1/6/07

43. SUPERRNOVA TYPES

A supernova is a stellar explosion which produces an extremely bright object that fades to invisibility over weeks or months. A supernova may briefly overshine its entire galaxy, It would take bilions of years for the sun to produce the energy output of an ordinary Type II supernova. There are at least two possible routes to their formation. A massive star may cease to generate "fusion energy" from fusing the nuclei of atoms in its core and collapse under the force of its own gravity to form a neutron star or black hole. It is the Type II supernova.
Alternatively a white dwarf star may accumulate material from a companion star until it nears its "Chandrasekhar limit" ( 1.2 - 1.4 sunmasses), then it undergoes runaway nuclear fusion in its interior, completely disrupting it. This the Type I supernova.

TYPE I Supernova:
This type is the brightest kind of supernovae. The companion star is often a red giant. The process is sometimes called: "stellar cannibalism": the white dwarf soak up the outer layers of the red giant, increasing its mass, raising the temperature near the center. At some point carbon fusion is born causing within a period of only a few seconds the integral temperature to raise to billions of degrees. Then the star explodes violently, releasing a shockwave while matter is ejected at speeds of 5 - 20.000 km/sec (3 % of the light speed). The energy released in the explosion increases the luminosity up to
~ 5 x 10^9 times brighter than the sun, that's what we observe then.

TYPE II sueprnova:
Stars much more massive, typically more then eight solar masses, evolve in more complex fashions.

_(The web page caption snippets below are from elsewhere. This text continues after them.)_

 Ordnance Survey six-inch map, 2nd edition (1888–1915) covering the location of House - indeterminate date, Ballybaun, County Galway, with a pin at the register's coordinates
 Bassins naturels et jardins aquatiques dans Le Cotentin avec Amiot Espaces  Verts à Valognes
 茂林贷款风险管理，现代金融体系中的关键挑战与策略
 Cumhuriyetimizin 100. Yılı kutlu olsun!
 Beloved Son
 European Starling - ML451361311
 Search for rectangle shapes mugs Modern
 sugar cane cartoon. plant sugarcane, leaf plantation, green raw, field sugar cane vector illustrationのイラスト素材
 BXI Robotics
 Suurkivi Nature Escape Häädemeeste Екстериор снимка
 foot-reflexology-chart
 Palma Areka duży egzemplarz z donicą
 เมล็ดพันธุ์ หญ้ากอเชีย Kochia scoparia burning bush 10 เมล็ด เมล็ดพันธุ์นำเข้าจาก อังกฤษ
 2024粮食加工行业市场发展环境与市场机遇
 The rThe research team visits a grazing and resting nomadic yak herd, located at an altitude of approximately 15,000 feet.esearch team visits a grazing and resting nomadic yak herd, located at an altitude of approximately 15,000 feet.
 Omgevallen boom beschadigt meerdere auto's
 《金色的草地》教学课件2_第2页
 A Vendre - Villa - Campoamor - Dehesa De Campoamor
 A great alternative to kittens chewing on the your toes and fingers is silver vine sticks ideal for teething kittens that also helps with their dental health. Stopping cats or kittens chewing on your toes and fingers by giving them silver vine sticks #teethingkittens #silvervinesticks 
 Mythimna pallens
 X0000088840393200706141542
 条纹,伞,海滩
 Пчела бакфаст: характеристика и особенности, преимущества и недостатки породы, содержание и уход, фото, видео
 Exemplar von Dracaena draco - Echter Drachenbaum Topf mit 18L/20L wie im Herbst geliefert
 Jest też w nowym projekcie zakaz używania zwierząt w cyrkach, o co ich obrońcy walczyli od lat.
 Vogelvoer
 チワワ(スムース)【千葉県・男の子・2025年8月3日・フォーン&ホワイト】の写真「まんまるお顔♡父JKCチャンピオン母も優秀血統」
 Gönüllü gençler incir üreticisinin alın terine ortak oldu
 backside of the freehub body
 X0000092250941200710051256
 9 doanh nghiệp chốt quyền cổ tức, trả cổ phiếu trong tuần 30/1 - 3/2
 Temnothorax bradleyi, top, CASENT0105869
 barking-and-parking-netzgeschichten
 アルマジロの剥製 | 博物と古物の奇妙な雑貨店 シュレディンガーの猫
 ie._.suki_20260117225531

First hydrogen is fused into helium, releasing energy which heats the core providing pressure against gravitation forces. The very high core mass stimulates further contraction as hydrogen is exhausted, inducing helium fusion, carbon fusion and fusing to progessively heavier elements. In between the core collapses further until iron is produced, the most stable atoms in nature, resulting in no more temperature raising, no more counterpressure and a density in the core of more than one million kg per cm3! This happens within seconds. Because of the enormous mass the star core collapses by gravitation, an unstoppable implosion, and a neutron star remains. Once the collapse stops, the infalling matter from the surrounding layers rebounds, producing a shockwave that propagates outwards causing the outer layers to explode.